5. Memorandum of conversation, July 21 between Rusk and Bolivian Ambassador Andrade1

[Facsimile Page 1]

SUBJECT

  • Bolivian Government’s Request for $11 million Emergency economic Assistance

PARTICIPANTS

  • The Secretary
  • Ambassador Victor Andrade
  • WST/B—Robert W. Weise, Jr.

Ambassador Andrade said he did not wish to take much of the Secretary’s time and that the principal purpose of his visit was: 1) to inquire about the status of the GOB’s memorandum handed Adlai Stevenson, and 2) to acquaint the Secretary with the urgency of the Bolivian situation.

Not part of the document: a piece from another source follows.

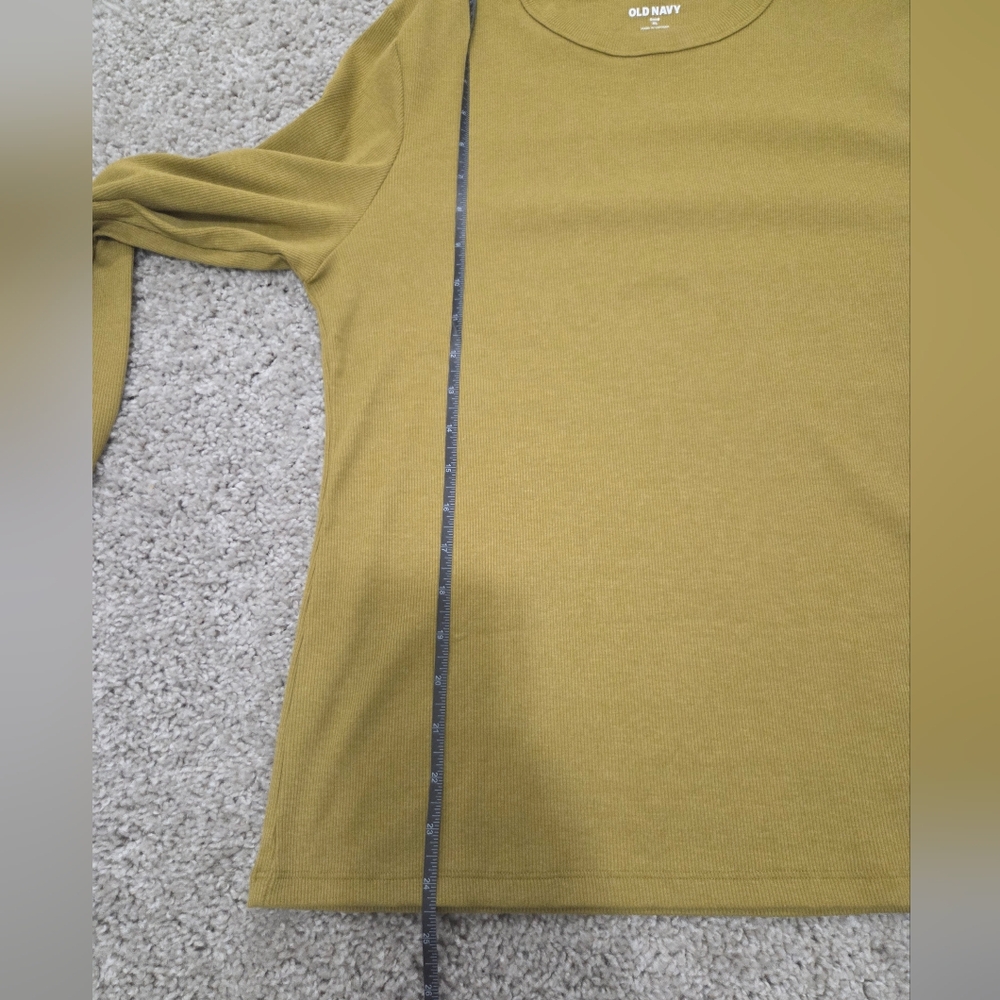 Snug Long-Sleeve Crew-Neck T-Shirt - Picture 4 of 11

He described briefly how the Bolivian revolution had been conceived, inspired and executed; that it was an independent Revolution; that it was the desire of President Paz to maintain the independence of this movement, free from Communist domination; how communist-inspired and pro-Castro elements were endeavoring to gain control of the Government and had in fact made substantial inroads into the labor movement to now alarming proportions; and finally how the Bolivian Government on June 7, 1961 undertook decisive steps to round up and arrest the principal Communist labor leaders of the country—some thirty-five in all—through a declaration of a “state of siege”. This action, Ambassador Andrade said, involved grave risks for the Bolivian Government, since it already was confronting a serious economic crisis in which it was, in part at least, dependent upon financial assistance from the United States.

During the visit of Adlai Stevenson to La Paz on July 16, 1961, Ambassador Stevenson was handed a memorandum from the Bolivian Government in which the latter made application for an emergency loan of eleven million dollars to cover Bolivia’s critical needs pending the re-establishment of social peace and the stabilization of the tin industry under the so-called “triangular operation” in which the USG, the Federal Republic of Germany and the Inter-American [Facsimile Page 2] Development Bank will participate. Ambassador Andrade said his Government was very much concerned as to what consideration was being given to this memorandum of the GOB, since the “state of siege” would end in fifty [Typeset Page 13] days and the Bolivian Government would have to determine what steps it would take next in meeting the immediate social and political crisis.

The Secretary informed Ambassador Andrade that careful and serious consideration was being given to the GOB memorandum; that although the USG was prohibited under the mutual security legislation from financing the internal debts of any country, we were studying ways in which the US could assist Bolivia in meeting its present crisis in areas where our assistance would contribute to economic progress and long-range development.

  1. Bolivian Government request for $11 million emergency economic assistance. Confidential. 2 pp. DOS, Secretary’s Memoranda of Conversation: Lot 65 D 330.